* [Try it]: Your output should be everything below from the line containing "View 99655299600P12 Instrument" down to the line containing "New World Patch", both ends included, copied exactly, with pictures left out.
********************
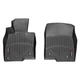 Коврики в салон Mazda 6 2013-, с бортом, передние, черные, Weathertech 444861 - изображение 1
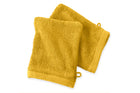 Set de 2 Gants de Toilette 16x21 - Safran
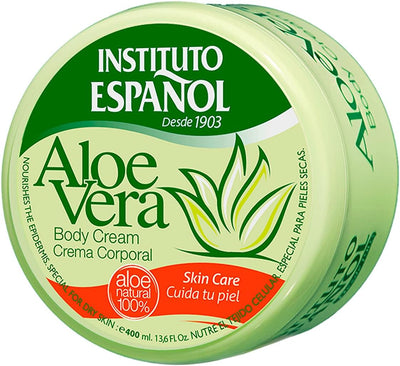 Instituto Espanol Aloe Vera Hand and Body Cream 400 ml Instituto Espanol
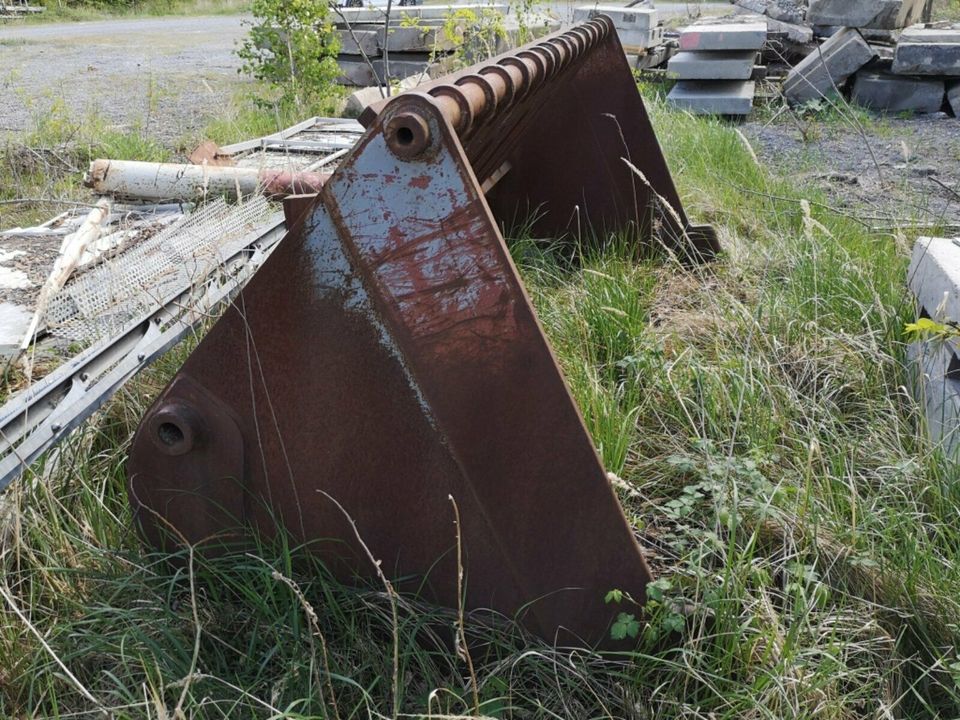 Gitterschaufel/ Siebschaufel für Radlader Komatsu WA500-3 in Wurzen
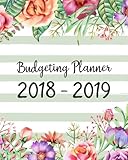 Budgeting Planner 2018 - 2019: Daily Weekly & Monthly 2018 - 2019 Calendar Expense Tracker Organizer,Budget Planner and Financial Planner Workbook ( ... Book Monthly Bill Organizer) (Volume 1) by 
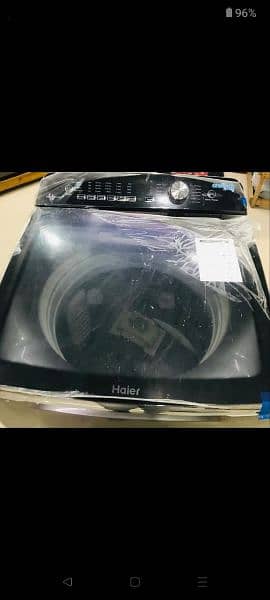 Haier washing machine fully automatic 3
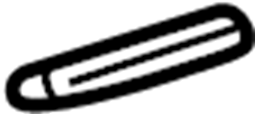 View 99655299600P12 Instrument Panel Molding Full-Sized Product Image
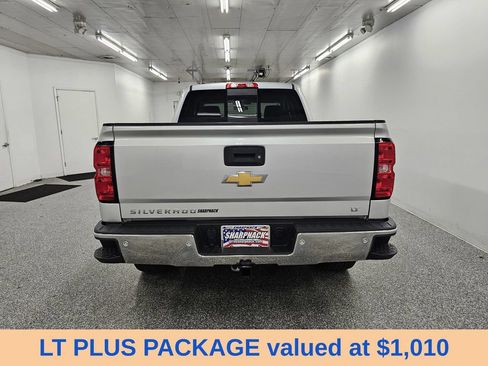 Used 2017 Chevrolet Silverado 1500 LT w/ All Star Edition AWD/4WD image 6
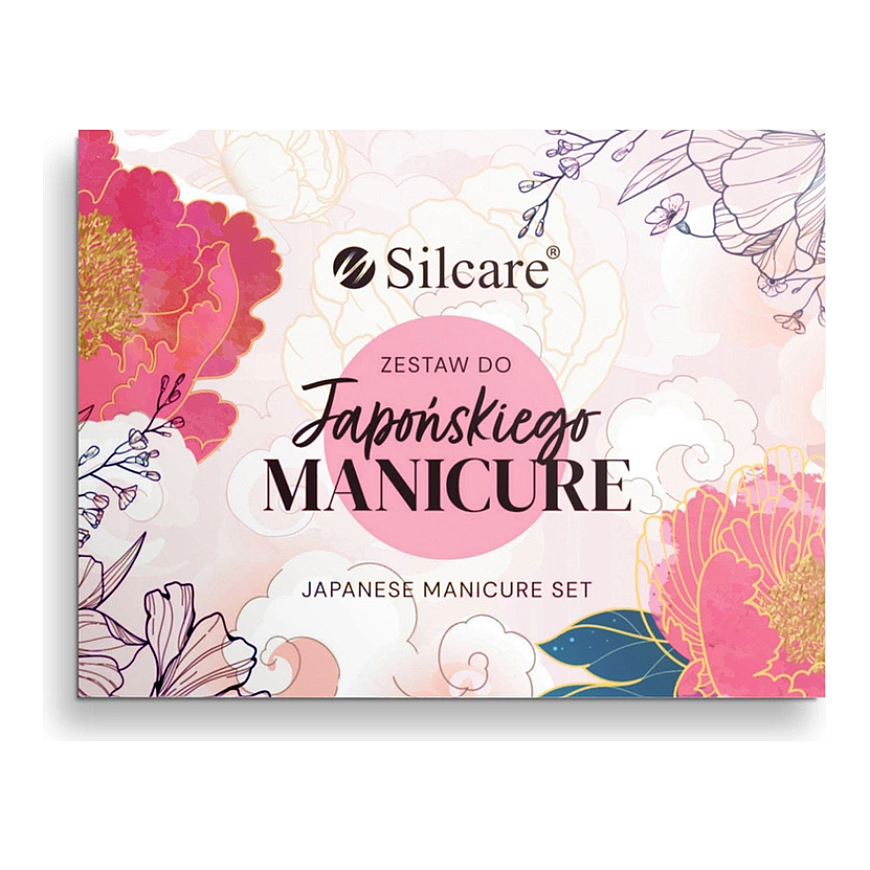 SILCARE Japāņu manikīra komplekts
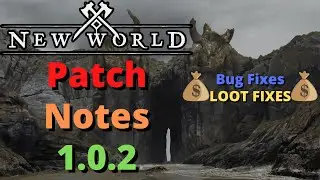 New World Patch Notes 1.0.2 Review! Faction Mission & Bugs!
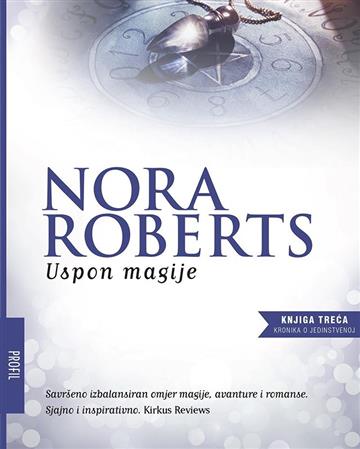Knjiga Uspon magije autora Nora Roberts izdana 2020 kao meki uvez dostupna u Knjižari Znanje.
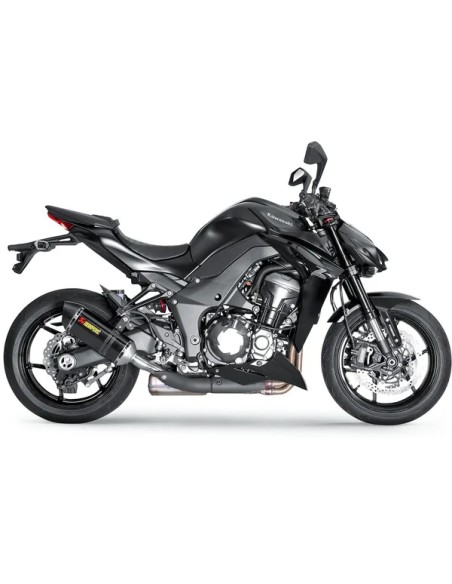 AKRAPOVIC Endschalldämpfer - Detailansicht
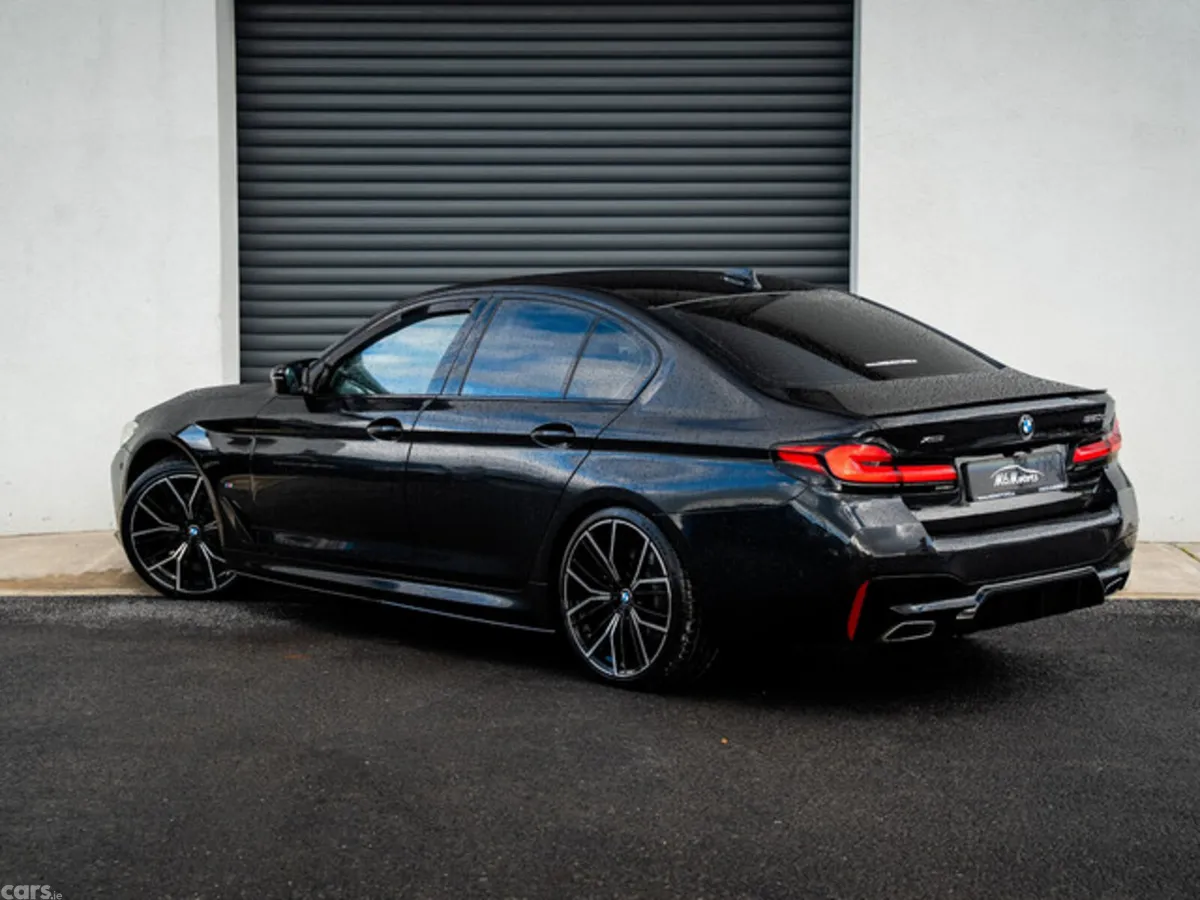 BMW 5-Series Saloon, Diesel, 2022, Black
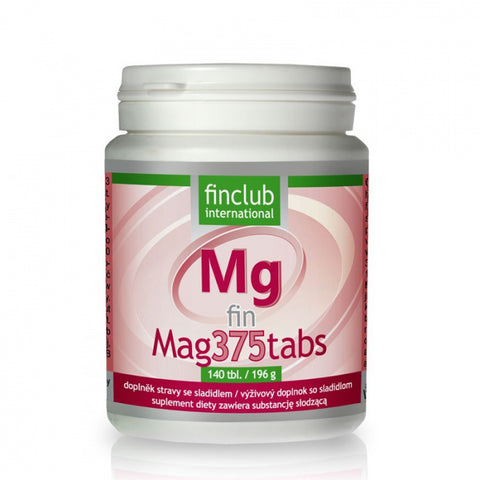 Magneziu, Finclub, 375 mg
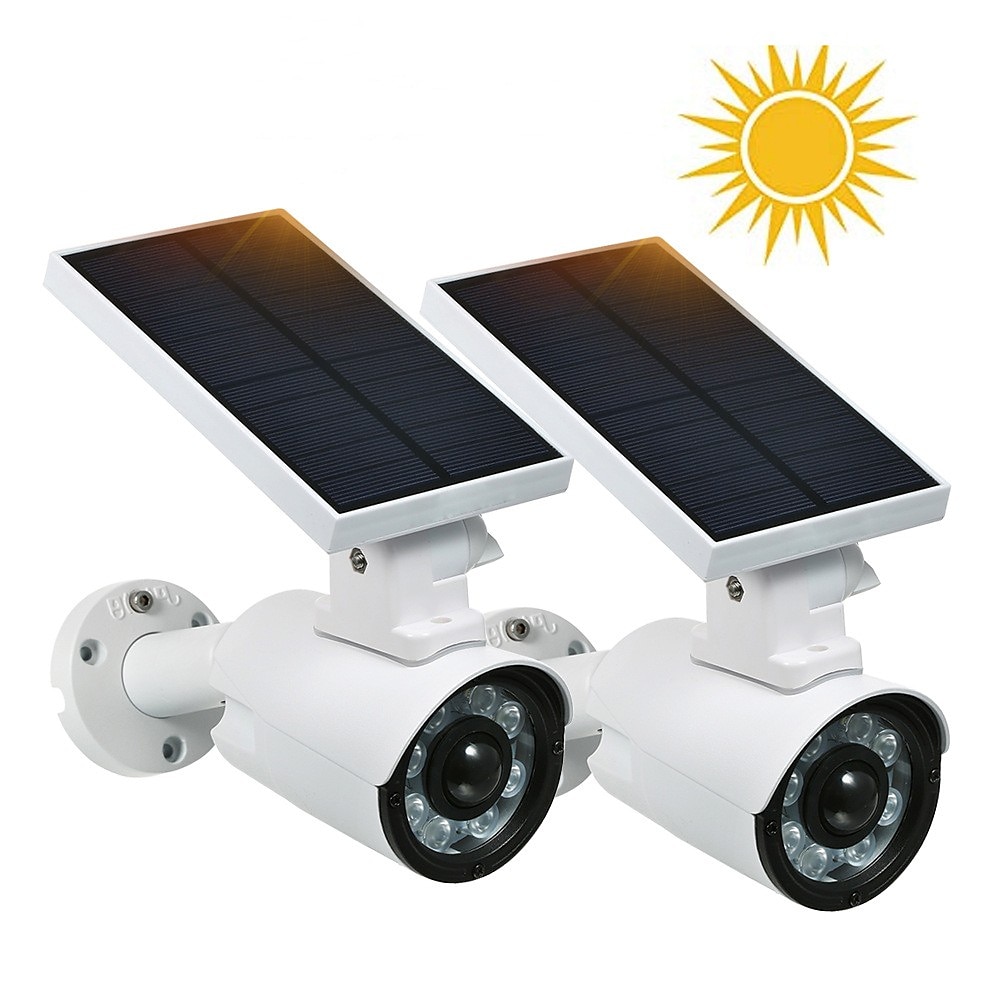 faretti solari con sensore di movimento per esterni, faretti a LED da 1400 lm, 9 W (equiv. 130 W), luci di sicurezza solari per giardino, vialetto, patio, cortile, sentiero, portico, terrazza del 2025 a $32.99 –P1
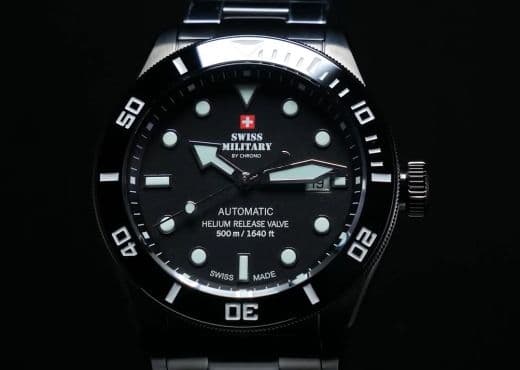 Swiss Military by Chrono и 5 фактов о швейцарской армии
********************
* [Solution to the exercise]:
 View 99655299600P12 Instrument Panel Molding Full-Sized Product Image
 Used 2017 Chevrolet Silverado 1500 LT w/ All Star Edition AWD/4WD image 6
 SILCARE Japāņu manikīra komplekts
 New World Patch Notes 1.0.2 Review! Faction Mission & Bugs!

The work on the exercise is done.